Na primeira queixa, ela relatou que “constantemente há discussões” entre o autor e ela “por motivos de ciúmes” dele. Foi no dia 28 de abril de 2006. O primeiro marido de Nice – na oportunidade eles estavam separados havia dois meses – a expulsou de casa e a ameaçou de morte, inclusive querendo agredi-la.

Na segunda queixa registrada contra seu primeiro marido, em 28 de agosto de 2007, Nice informava à Polícia que seu, então, ex-marido, “não aceitava” que ela “esteja namorando outro homem e por este motivo ameaçou-a de morte, bem como lhe disse que irá queimar a casa onde ela mora e o carro que ela ganhou do seu namorado” .

Naquele mesmo dia, o acusado também dirigiu palavras de baixo calão e ameaçou um dos filhos do casal.

Naquela época, Nice tinha 40 anos de idade e seu, então, primeiro marido, tinha 53.

Nos dois casos, Nice foi orientada a formalizar uma representação, ou seja, pedir oficialmente que a Polícia Civil instaurasse inquérito contra o acusado.

Depois desses fatos não há registros oficiais de outras  importunações do primeiro marido de Nice, contra ela ou contra os filhos.

A vida “andou”. Ela e os filhos continuaram a morar na Rua Socorro, no Jardim Novo Campos Elísios.

Nice entrou há três anos no relacionamento com Moacir, um comerciante, que viria a ser seu assassino. Não casaram “no papel”, porém, viveram juntos. Não tiveram filhos.

Eles abriram, como sócios, uma loja de roupas e outros produtos na Avenida João Prata Viera, 526, no Parque Vista alegre, bairro localizado no Distrito do Ouro Verde.

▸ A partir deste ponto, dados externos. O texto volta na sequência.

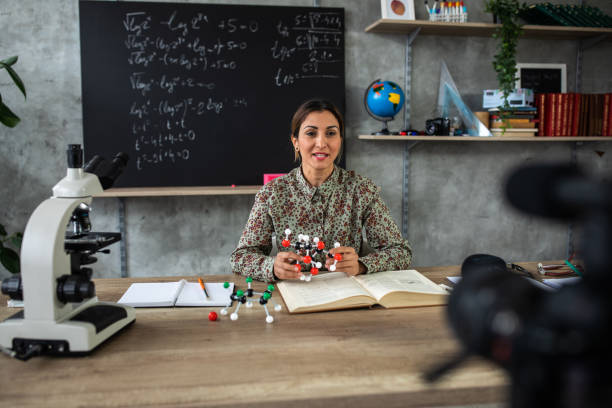 istock Teacher recording chemistry lesson during coronavirus pandemic 1224553059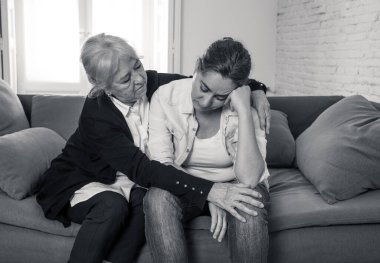 Yaşlı anne, Coronavirus 'la savaşan sevdiğinin yasını tutan yetişkin kızını teselli ediyor. Yaşlı anne depresyondan muzdarip yetişkin kızını kucaklıyor. COVID-19 salgınından etkilenenler.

Esse, também, foi o local do crime.

Dezesseis dias antes de ser assassinada, exatamente em 11 de fevereiro deste ano de 2019, Nice foi ao Plantão da 2ª Delegacia Seccional da Polícia Civil e prestou queixa contra Moacir.

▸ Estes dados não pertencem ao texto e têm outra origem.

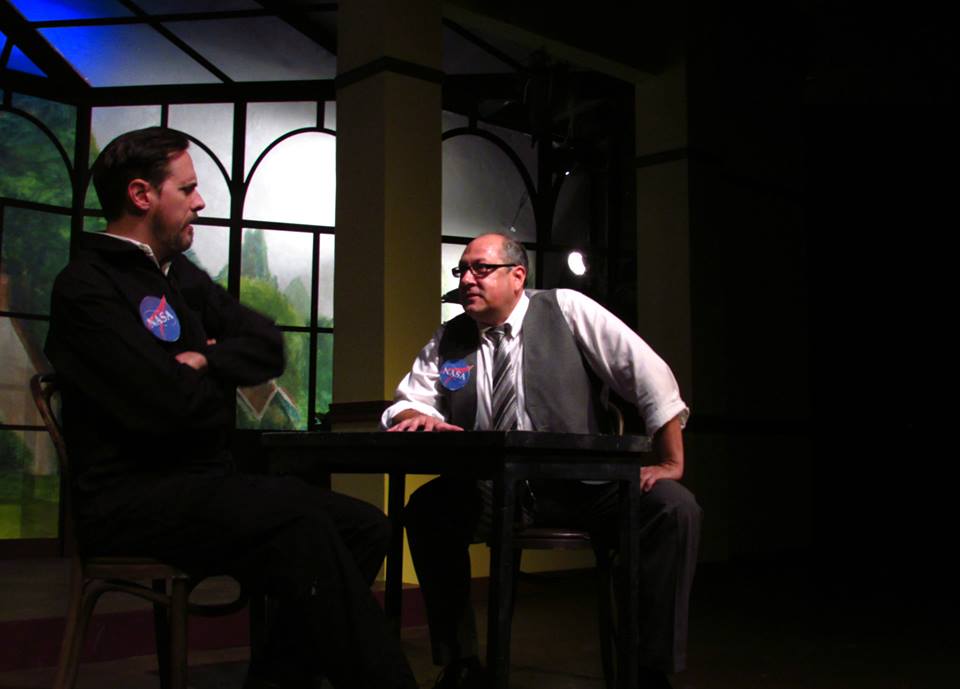Mike (Eric Curtis Johnson) is assured by Gene (Bruno Oliver) that the new moon mission will make him a hero.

Ela disse que estavam há um mês separados e que o comércio “está sendo motivo de problemas”.

Ela também informou que Moacir telefonou e disse que iria mata-la.

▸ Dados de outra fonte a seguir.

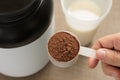 Whey Protein. Perspective of person preparing protein shake. Chocolate flavour. Wooden background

O mesmo boletim de ocorrência registra que Nice “não deseja ser abrigada”. Que foi cientificada das medidas protetivas de urgência legais, porém, “não as requer no momento”.

E que foi orientada a comparecer na Delegacia da Defesa da Mulher para ofertar representação de crime de ameaça.

Às 14h30 do dia 27 de fevereiro de 2019, Moacir foi até a loja com um galão de gasolina. Fechou a porta do estabelecimento. Jogou o combustível na mulher, e, também no próprio corpo e ateou fogo.

Não há testemunha que possa descrever como essa situação aconteceu. Porque Nice não conseguiu fugir do local.

A Polícia Militar descreve o que encontrou ao chegar no local: “a vítima estava deitada no chão e falava: Foi o Moacir… foi o Moacir”. O autor estava sentado no chão e logo desmaiou.

Pessoas que estavam no local gravaram imagens, com celular, que mostram o autor do crime sem camisa, queimado, e proferindo palavras desconexas como “não socorre ela não”. As imagens mostram também, Nice caída na calçada com o corpo queimado.

Emissoras de televisão e redes sociais divulgaram essas imagens.

Ela sofreu queimaduras em 82% do corpo e foi levada por um helicóptero da PM até o Hospital de Clínicas da Unicamp onde morreu às 19h10.

O autor do crime foi levado, em estado muito grave,  para o Hospital e Maternidade Celso Pierro e depois transferido para o Hospital Irmãos Penteado onde morreu na noite deste de 1 de março de 2019.

Nice nasceu no município de Brasiléia, no Acre, em 11 de agosto de 1.965. Ela morava há pelo menos 20 anos em Campinas.

Moacir nasceu em Xanxere, Santa Catarina, em 2 de outubro de 1.967.

As fotos aqui publicadas foram reproduzidas de reportagem exibida pela TVB Record de Campinas.